Like Reagan’s, Trump’s campaign was hawkish to an almost comical degree. Trump promised, among other things, to bomb ‘the hell out of ISIS’, to start a trade war with China, and to reintroduce torture as an instrument of US statecraft. The Iran nuclear deal, ha has said, will be ‘ripped up’.
Like Reagan, Trump is politically incorrect, intellectually challenged, and disturbingly unpredictable (but I won’t lie, Trump is clearly worse). Like Trump, Reagan was a bit of a loose cannon. And like Trump, who reportedly badgered security experts to explain to him why the US couldn’t use nuclear weapons, Reagan never ‘got’ the nuclear deterrence orthodoxy. As long as they existed, nuclear weapons could and would be used to devastating effects, Reagan thought.

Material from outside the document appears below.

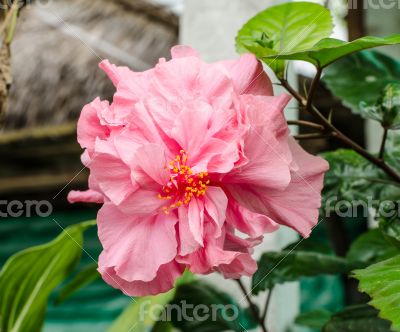 Pink hibiscus in garden.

The comparison doesn’t stop there: Before becoming a politician, Reagan acted in B-films. Trump, for his part, was – among many other things – a reality TV figure. It is tempting to speculate that the two men’s political performances have often been just that – performances. Although the degree of substance behind the two politicians’ various masks can undoubtedly be questioned, their capacities for taking on particular roles cannot be doubted.
Starting off as a typical foreign policy ‘hawk’, Reagan left office as the only nuclear abolitionist to have served as president of the United States. At the Reykjavik summit in 1986, the only thing that came between Reagan and Gorbachev and an agreement to eliminate nuclear weapons worldwide was Reagan’s pet project, the dim-witted Strategic Defence Initiative. We were this close to disarmament.
Reagan developed great chemistry with Gorbachev. Trump seems to be good chums with Putin.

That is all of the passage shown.